> [Record excerpts]
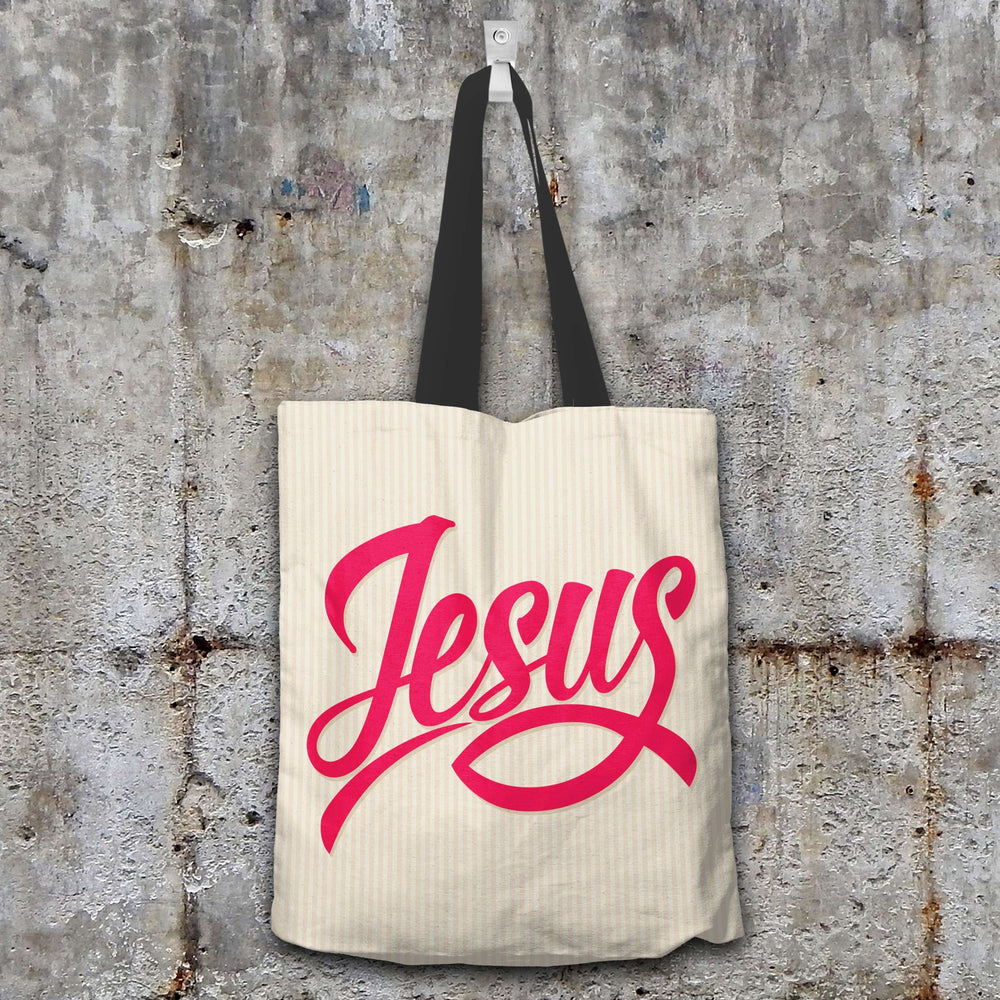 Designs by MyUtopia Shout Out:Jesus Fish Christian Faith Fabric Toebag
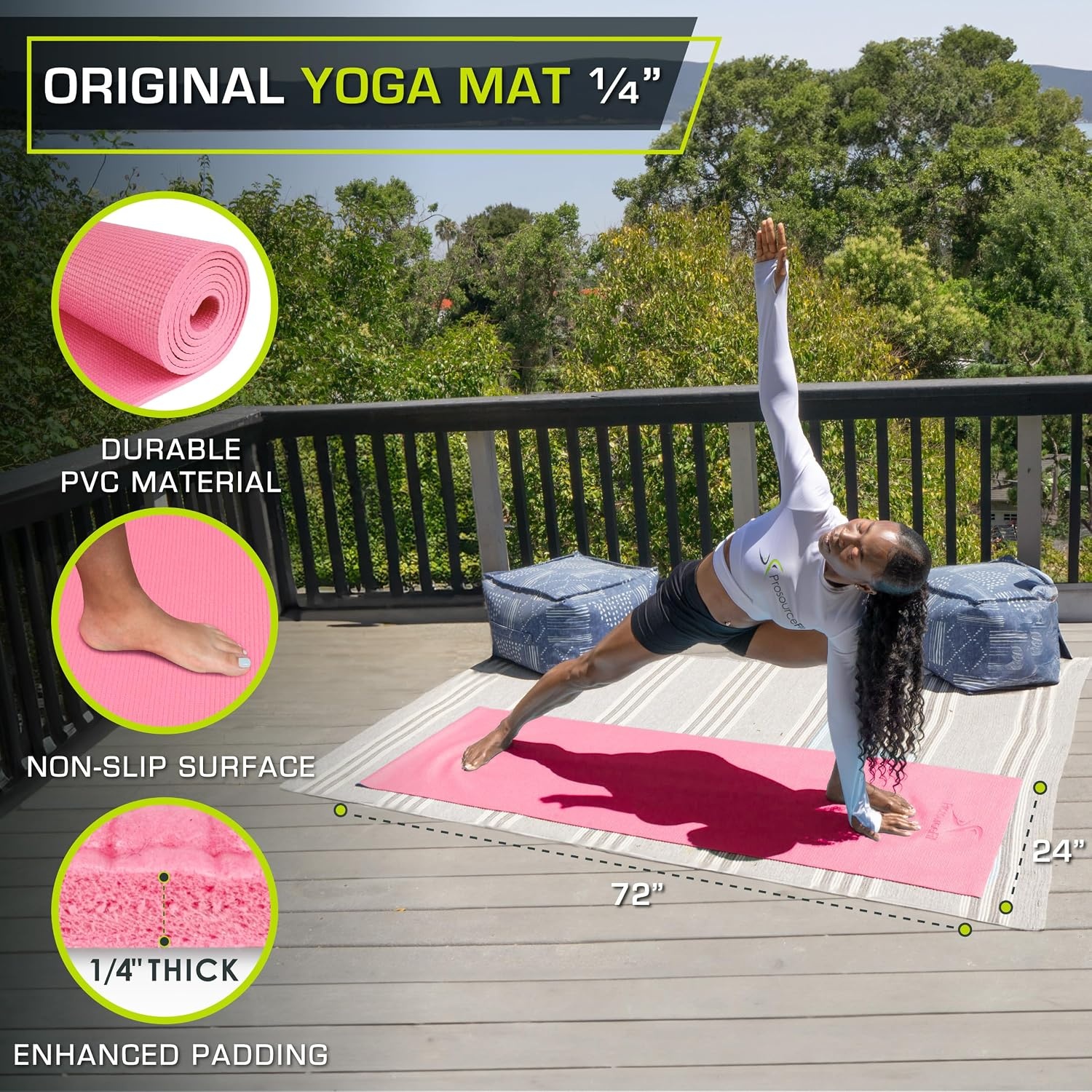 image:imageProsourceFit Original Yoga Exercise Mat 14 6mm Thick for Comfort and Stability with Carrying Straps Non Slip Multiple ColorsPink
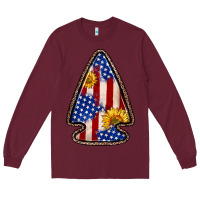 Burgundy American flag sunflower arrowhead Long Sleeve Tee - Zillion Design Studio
==
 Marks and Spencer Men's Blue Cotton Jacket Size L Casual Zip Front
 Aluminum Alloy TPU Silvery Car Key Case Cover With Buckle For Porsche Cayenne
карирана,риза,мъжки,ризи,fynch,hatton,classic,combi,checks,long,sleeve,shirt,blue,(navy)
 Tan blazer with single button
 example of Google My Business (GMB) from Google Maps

> [Description of the task] Set down, exactly as written above, each line from the one with "Designs by MyUtopia" through the one with "image:imageProsourceFit Original Yoga", and skip the pictures.

> [Answer below]
 Designs by MyUtopia Shout Out:Jesus Fish Christian Faith Fabric Toebag
 image:imageProsourceFit Original Yoga Exercise Mat 14 6mm Thick for Comfort and Stability with Carrying Straps Non Slip Multiple ColorsPink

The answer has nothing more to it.